**What is required**
Once you find the line with "father holding two" in the data below, transcribe exactly each line from there to the line with "Obraz na płótnie", inclusive, and nothing else. Drop the pictures.

**Data provided**
══════

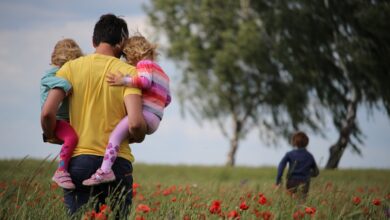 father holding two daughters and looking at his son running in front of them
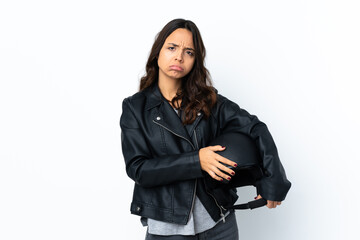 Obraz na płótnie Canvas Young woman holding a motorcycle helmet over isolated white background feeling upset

══════

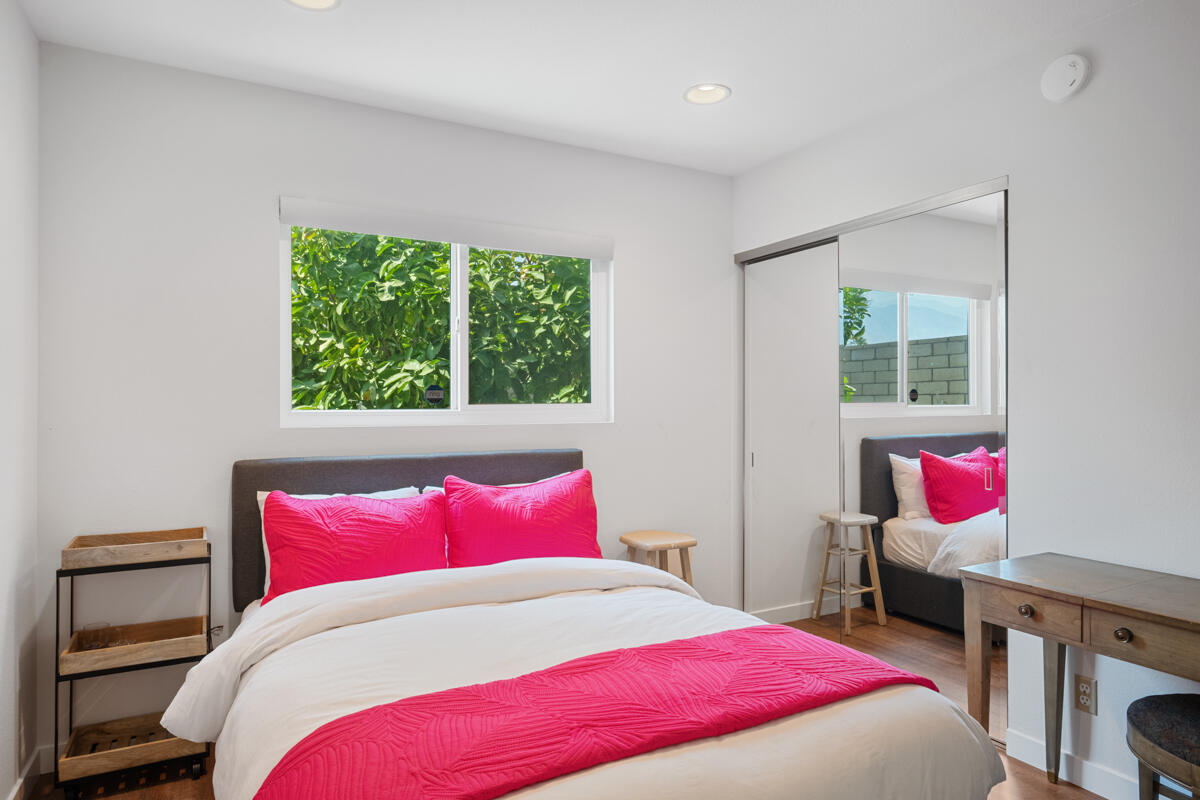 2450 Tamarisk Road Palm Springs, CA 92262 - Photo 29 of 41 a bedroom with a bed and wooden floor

══════

**Answer space**
 father holding two daughters and looking at his son running in front of them
 Obraz na płótnie Canvas Young woman holding a motorcycle helmet over isolated white background feeling upset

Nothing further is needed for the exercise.